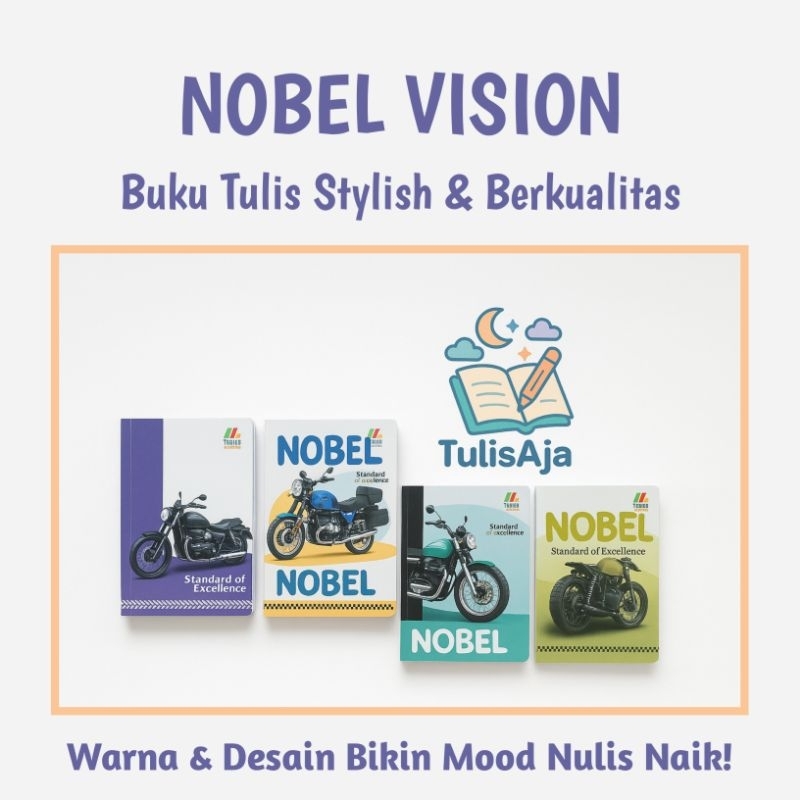 

Buku Tulis Nobel Vision Isi 10 | Motif Motor Keren | Buku Anak Sekolah
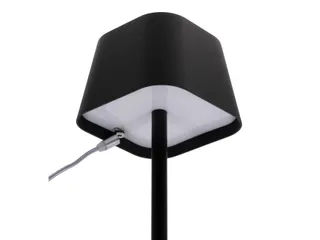 Securit Tafellamp Georgina LED Zwart oplaadbaar USB dimbaar - 6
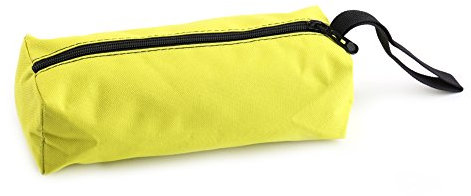 Tool Bag, Small Portable Electrician Toolbag, Hand-held Tool Holder Pocket Storage Bag, Organizer Tote Bags for Electrician, Plumbing, Gardening (Yellow)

▶ **WHAT TO PRODUCE**
Each line of the listing above must be given again exactly; the pictures are to be left out.

▶ **WRITTEN SOLUTION**
Buku Tulis Nobel Vision Isi 10 | Motif Motor Keren | Buku Anak Sekolah
 Securit Tafellamp Georgina LED Zwart oplaadbaar USB dimbaar - 6
 Tool Bag, Small Portable Electrician Toolbag, Hand-held Tool Holder Pocket Storage Bag, Organizer Tote Bags for Electrician, Plumbing, Gardening (Yellow)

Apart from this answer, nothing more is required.